# Task goal
Reproduce exactly the lines of the material beneath, from the line that contains "Round Neck Drop" to the line that contains "Eden & Willow", both included, and no other lines.

# Available records
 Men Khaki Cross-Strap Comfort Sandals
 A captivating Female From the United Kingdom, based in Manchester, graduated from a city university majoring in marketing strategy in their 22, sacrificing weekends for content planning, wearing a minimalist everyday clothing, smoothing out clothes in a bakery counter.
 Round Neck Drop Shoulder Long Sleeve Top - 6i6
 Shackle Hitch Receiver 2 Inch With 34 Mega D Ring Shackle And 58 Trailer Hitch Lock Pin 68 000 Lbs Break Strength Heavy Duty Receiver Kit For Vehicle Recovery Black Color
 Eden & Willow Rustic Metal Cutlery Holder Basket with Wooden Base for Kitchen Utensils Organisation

* * *

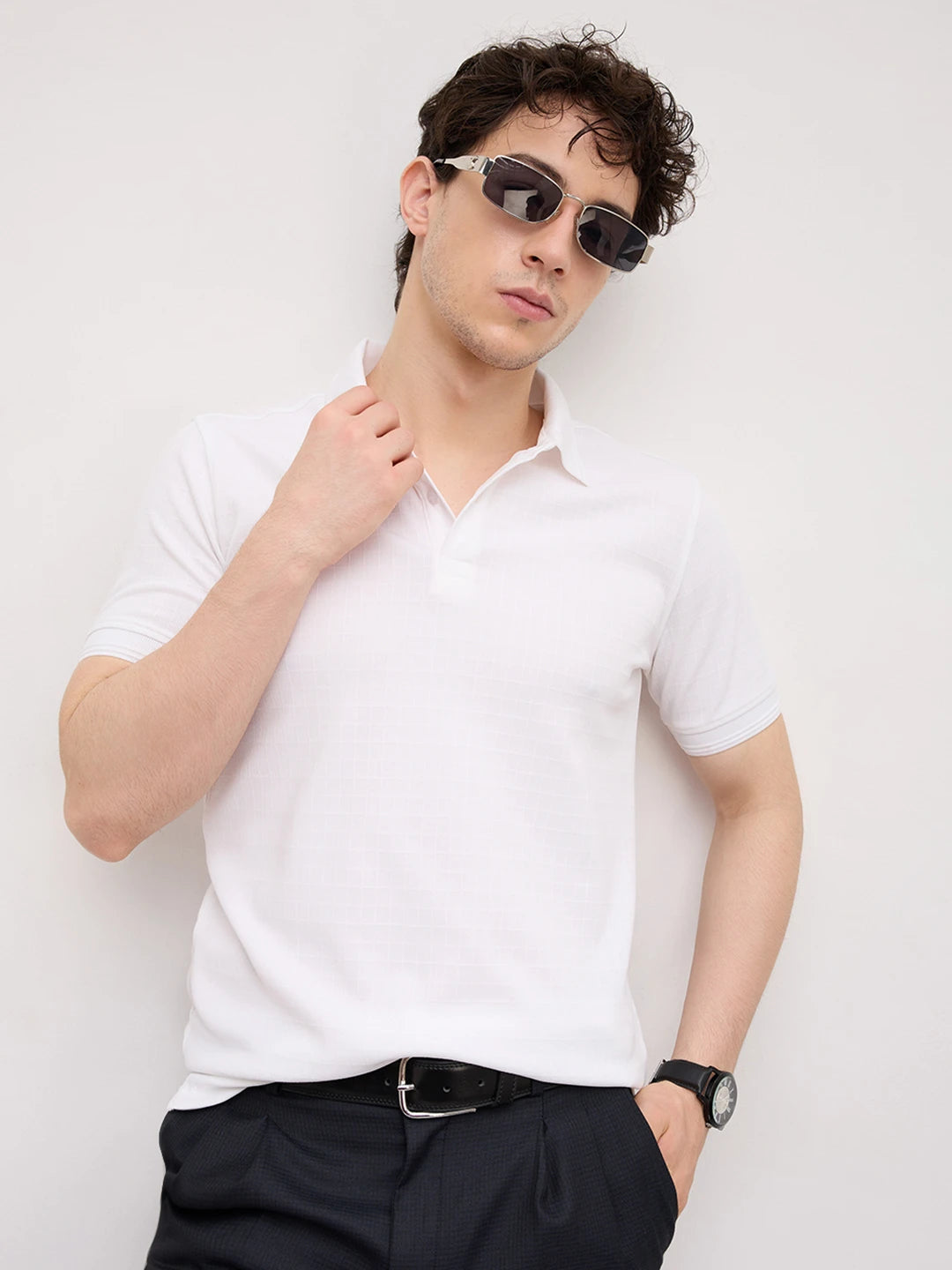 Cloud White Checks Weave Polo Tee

---

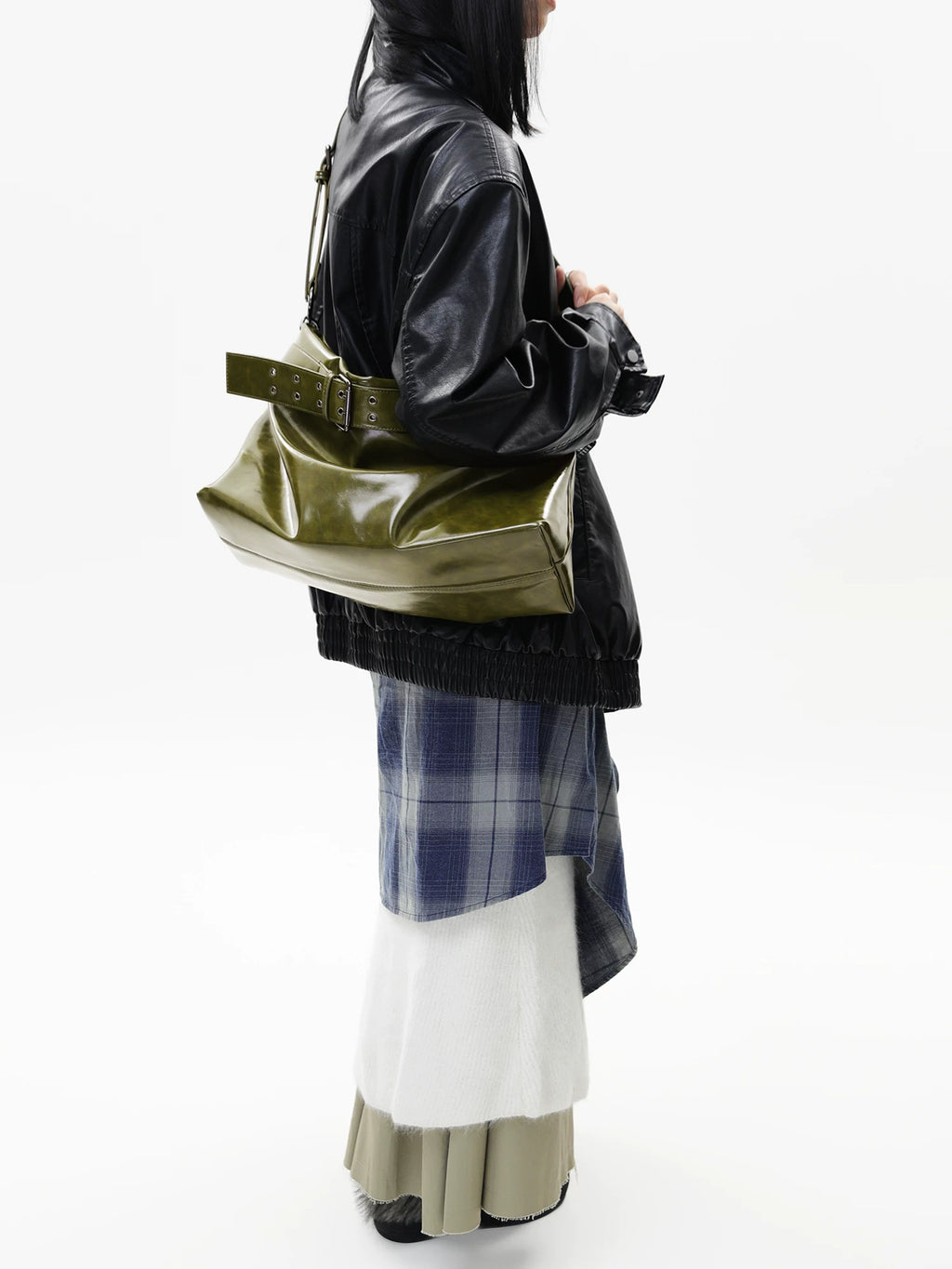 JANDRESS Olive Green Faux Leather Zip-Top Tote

# Response area
 Round Neck Drop Shoulder Long Sleeve Top - 6i6
 Shackle Hitch Receiver 2 Inch With 34 Mega D Ring Shackle And 58 Trailer Hitch Lock Pin 68 000 Lbs Break Strength Heavy Duty Receiver Kit For Vehicle Recovery Black Color
 Eden & Willow Rustic Metal Cutlery Holder Basket with Wooden Base for Kitchen Utensils Organisation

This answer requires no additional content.